Level 41 , Bayreuth, Germany

19 July, 21:27

I wrote a quick test for your code and I saw where the problem is:

String[] tests = {"0", "1", "2", "3", "4", "5", "6", "7", "8", "9", "a", "b", "c", "d", "e", "f"};
Stream.of(tests).forEach(test -> System.out.format("source: %s, result: %s, validation: %s%n",
                test,
                toBinary(test),
                new BigInteger(test, 16).toString(2))
);

0 and a-f display correctly as a full nibble (4 digits) while 1-9 do not. There are also a lot of redundancies and you sometimes use api methods not correctly, eg:

else if (!hexNumber.matches("[0-9a-f]+")) return "";

else if (hexNumber.matches("[0-9a-f]+")) {

if you already drop out of the method if the hex is not 0-9a-f, then why check this another time? It has to be 0-9a-f after the first check. Similar here:

if (decimalNumber < 0) return "";
else if (decimalNumber == 0) {
    result = "0000";
} else if (decimalNumber >= 0) {

if decimalNumber is not <= 0 then it has to be >(=) 0. The last else if can be written as a plain else Character.getNumericValue(c) this not just gets the numeric value of '0'-'9' but also of 'a'-'f', you do not need an if-else and devide that up and handle that in different ways. In your first question to that task I already told you how I'd approach that (and you already adopted a few ideas). Let me show you a simple approach for just one char:

Thomas

Level 41 , Bayreuth, Germany

19 July, 21:28

public static void main(String[] args) {
    String[] tests = {"0", "1", "2", "3", "4", "5", "6", "7", "8", "9", "a", "b", "c", "d", "e", "f"};
    Stream.of(tests).forEach(test -> System.out.format("source: %s, result: %s, validation: %s%n",
            test,
            toBinary(test),
            new BigInteger(test, 16).toString(2))
    );
}

private static String toBinary(String s) {
    if (s == null || !s.matches("[0-9a-f]+")) {
        return "";
    }

    char hex = s.charAt(0);

    // simple hex to dec
    int decimalNumber = hex <= '9' ? hex - '0' : hex - 'a' + 10;

    // now dec to bin
    StringBuilder nibble = new StringBuilder();
    while (decimalNumber > 0) {
        nibble.insert(0, decimalNumber % 2);
        decimalNumber /= 2;
    }

    // pad with zeros
    while (nibble.length() < 4) {
        nibble.insert(0, '0');
    }

    return nibble.toString();
}

you just would need to add another loop to go to an entire string (and not just the first char) and a second StringBuilder to hold the complete result.

Evgeniia Shabaeva

Level 27 , Budapest, Hungary

23 July, 12:26

Thank you so much for all the valuable comments!

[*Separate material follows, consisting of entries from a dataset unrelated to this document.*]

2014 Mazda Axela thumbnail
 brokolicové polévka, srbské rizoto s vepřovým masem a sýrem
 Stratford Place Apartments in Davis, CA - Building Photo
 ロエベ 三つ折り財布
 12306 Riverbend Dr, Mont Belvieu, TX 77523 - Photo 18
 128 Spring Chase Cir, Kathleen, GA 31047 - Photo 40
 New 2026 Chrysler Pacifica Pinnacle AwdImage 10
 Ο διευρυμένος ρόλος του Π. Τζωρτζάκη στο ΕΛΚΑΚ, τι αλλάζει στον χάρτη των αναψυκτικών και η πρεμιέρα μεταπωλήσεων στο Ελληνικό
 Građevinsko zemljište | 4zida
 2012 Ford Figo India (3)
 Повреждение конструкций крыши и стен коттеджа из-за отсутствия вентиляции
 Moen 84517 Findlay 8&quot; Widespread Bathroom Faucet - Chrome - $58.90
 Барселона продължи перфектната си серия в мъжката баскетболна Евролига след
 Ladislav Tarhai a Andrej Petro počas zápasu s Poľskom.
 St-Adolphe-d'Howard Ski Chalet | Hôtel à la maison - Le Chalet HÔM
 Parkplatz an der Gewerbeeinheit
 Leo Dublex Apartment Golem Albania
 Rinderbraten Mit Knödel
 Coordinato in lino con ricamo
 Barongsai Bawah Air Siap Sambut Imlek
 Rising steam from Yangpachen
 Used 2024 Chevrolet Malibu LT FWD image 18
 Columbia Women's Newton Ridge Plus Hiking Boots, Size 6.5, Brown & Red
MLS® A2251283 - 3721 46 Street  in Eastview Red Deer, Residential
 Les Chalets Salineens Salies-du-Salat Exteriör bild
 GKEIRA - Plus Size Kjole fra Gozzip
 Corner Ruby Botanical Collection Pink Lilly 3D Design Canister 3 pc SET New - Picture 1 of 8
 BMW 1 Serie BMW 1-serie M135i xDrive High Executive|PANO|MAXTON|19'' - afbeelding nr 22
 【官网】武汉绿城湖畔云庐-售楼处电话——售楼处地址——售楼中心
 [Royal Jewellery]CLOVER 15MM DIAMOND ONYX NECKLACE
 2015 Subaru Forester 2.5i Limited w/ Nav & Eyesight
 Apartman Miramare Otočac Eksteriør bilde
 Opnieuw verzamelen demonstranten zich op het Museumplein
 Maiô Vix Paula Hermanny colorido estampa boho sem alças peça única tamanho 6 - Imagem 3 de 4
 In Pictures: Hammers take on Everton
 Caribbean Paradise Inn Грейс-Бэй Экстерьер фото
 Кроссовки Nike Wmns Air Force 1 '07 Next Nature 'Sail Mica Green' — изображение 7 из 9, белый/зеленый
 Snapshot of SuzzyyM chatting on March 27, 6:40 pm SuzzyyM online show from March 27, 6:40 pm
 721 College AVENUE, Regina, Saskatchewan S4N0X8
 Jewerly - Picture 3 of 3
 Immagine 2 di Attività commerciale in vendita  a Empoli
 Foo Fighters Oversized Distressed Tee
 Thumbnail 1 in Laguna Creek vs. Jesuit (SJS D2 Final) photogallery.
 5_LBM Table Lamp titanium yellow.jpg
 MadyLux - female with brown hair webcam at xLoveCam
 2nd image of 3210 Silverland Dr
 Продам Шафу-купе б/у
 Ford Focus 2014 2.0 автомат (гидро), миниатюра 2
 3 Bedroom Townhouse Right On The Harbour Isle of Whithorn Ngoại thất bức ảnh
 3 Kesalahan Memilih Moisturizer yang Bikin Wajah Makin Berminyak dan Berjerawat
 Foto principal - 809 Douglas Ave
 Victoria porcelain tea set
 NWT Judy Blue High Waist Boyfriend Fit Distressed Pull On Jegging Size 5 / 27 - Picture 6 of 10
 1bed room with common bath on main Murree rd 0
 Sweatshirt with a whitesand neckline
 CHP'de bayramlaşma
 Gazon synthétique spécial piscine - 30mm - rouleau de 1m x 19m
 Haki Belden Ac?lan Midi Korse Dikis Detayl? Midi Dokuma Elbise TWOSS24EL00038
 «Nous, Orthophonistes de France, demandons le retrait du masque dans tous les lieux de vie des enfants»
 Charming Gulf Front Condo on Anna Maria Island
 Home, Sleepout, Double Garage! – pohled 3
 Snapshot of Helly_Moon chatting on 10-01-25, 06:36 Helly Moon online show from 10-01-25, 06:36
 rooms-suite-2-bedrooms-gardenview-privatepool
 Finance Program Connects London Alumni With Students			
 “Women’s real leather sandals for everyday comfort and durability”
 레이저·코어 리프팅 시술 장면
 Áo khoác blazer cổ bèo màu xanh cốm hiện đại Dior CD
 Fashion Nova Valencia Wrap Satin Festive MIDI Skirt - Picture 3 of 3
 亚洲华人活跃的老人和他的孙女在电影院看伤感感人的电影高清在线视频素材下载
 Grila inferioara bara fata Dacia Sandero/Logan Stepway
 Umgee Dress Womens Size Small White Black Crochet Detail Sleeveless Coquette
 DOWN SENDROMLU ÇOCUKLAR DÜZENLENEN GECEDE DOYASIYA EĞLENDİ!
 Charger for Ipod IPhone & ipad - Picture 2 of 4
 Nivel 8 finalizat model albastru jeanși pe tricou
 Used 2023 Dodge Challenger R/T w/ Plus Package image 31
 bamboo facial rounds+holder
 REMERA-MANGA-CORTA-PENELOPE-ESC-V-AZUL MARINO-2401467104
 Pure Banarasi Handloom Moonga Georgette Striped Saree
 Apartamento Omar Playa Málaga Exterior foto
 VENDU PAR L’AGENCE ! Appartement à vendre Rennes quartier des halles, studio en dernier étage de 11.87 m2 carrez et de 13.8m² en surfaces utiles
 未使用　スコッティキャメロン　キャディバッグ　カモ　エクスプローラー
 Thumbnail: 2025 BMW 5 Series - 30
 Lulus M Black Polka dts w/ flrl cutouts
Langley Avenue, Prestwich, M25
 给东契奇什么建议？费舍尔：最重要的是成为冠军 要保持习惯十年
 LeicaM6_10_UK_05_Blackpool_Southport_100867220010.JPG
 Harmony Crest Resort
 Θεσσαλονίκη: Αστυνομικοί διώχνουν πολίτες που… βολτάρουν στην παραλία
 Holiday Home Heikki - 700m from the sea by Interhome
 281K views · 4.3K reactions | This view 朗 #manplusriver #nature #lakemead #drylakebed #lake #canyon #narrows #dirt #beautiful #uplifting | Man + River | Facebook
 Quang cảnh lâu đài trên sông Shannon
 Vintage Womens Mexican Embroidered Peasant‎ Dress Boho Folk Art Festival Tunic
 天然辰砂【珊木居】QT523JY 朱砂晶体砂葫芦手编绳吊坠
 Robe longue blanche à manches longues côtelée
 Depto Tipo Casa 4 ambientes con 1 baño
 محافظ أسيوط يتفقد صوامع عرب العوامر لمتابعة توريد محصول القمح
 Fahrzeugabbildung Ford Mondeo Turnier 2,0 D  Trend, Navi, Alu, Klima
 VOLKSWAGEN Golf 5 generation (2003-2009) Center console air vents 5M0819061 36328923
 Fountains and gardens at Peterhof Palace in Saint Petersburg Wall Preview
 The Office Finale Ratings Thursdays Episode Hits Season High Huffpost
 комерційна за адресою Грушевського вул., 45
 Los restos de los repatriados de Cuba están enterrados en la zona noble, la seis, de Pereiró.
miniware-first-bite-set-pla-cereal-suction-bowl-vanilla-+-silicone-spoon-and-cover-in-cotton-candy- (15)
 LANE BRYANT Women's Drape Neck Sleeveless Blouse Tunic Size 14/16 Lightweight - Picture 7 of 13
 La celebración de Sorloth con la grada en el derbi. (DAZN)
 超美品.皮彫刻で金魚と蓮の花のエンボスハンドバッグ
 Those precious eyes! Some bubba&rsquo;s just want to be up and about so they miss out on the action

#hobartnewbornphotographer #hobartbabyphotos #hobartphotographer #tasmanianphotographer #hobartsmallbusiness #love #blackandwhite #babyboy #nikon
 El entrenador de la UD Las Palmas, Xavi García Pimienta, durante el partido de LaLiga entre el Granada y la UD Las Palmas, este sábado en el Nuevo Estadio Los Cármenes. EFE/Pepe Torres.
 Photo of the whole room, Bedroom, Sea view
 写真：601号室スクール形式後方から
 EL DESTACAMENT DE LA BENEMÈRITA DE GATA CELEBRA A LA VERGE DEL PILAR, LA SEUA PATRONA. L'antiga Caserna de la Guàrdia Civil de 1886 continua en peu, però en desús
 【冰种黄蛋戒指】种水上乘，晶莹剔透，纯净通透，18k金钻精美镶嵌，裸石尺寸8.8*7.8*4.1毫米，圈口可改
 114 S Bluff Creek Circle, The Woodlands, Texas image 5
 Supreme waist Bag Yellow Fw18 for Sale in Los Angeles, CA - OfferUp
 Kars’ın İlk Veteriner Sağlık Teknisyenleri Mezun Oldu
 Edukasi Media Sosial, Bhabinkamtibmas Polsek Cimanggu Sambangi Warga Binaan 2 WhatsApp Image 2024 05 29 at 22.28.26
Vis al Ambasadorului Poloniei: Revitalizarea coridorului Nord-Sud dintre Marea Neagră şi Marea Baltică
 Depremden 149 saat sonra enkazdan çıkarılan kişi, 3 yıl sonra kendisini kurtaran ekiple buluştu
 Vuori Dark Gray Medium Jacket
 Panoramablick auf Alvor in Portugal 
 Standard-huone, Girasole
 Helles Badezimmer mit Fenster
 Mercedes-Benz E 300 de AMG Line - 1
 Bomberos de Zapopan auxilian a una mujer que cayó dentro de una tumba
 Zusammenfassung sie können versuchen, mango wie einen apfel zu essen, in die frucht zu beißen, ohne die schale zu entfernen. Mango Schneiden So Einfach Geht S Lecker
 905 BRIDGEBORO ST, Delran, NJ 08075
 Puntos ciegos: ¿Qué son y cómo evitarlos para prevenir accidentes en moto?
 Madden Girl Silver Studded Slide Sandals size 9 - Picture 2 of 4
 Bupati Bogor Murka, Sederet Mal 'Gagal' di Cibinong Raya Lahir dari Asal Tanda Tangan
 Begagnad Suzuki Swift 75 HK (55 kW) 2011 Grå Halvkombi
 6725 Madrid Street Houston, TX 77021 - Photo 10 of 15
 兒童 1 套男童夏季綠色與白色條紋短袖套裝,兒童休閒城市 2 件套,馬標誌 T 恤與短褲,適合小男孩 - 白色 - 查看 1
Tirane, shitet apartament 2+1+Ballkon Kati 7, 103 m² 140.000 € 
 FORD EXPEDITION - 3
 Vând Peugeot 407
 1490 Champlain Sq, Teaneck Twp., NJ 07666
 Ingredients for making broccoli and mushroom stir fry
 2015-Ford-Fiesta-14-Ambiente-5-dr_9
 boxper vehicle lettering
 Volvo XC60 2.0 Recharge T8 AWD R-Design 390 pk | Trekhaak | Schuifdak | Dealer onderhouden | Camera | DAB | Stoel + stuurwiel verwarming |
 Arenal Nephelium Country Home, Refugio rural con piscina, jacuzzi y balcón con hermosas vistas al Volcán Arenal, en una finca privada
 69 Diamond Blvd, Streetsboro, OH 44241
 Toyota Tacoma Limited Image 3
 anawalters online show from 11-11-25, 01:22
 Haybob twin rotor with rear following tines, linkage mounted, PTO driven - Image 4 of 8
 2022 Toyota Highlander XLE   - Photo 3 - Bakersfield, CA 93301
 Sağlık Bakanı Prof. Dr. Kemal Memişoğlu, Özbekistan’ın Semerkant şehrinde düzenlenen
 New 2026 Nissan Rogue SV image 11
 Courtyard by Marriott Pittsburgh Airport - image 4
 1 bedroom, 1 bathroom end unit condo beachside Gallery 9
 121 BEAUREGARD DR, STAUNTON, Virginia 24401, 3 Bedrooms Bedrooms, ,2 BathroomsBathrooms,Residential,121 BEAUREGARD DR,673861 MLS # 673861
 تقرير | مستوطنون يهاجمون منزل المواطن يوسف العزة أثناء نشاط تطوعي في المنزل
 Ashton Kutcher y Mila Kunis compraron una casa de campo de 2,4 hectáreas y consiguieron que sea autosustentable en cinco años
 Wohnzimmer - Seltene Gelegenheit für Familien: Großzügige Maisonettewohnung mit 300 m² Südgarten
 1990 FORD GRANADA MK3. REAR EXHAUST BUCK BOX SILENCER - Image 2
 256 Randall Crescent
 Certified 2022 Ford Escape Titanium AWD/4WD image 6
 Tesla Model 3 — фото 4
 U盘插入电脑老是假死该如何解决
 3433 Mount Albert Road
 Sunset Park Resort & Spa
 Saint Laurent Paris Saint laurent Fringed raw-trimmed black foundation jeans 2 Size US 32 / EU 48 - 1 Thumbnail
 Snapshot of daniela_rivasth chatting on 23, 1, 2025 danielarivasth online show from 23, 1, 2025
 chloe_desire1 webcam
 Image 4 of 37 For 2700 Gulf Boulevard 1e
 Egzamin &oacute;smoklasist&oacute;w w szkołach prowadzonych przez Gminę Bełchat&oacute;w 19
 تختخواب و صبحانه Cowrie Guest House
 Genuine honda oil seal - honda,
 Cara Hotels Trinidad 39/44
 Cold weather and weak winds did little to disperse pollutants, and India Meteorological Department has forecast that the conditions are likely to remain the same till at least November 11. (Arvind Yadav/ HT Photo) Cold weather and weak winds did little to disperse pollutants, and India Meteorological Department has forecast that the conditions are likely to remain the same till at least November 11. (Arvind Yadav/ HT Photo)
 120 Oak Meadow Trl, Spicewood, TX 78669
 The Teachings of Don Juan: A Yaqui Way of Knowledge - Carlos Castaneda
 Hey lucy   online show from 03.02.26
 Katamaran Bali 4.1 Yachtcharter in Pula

I deleted all the redundant code and, what makes me really happy, finally understood my main mistake. Thank you for pointing it put in your code. It was that I didn't write the second loop to add the missing zeroes in the sub-method that was supposed to turn int values to their binary equivalents and return strings (of four characters, not just any strings). So, I kept the String decimalToBinary(int decimalNumber) method and added another while-loop to it:

while (result.length() < 4) {
                result = "0" + result;
            }

I also tried rewriting it using StringBuilder, but then I thought that I probably hadn't been supposed to know StringBuilder at that point, so I just used the same String variable called "result". It worked, so I'm glad. Thank you once again!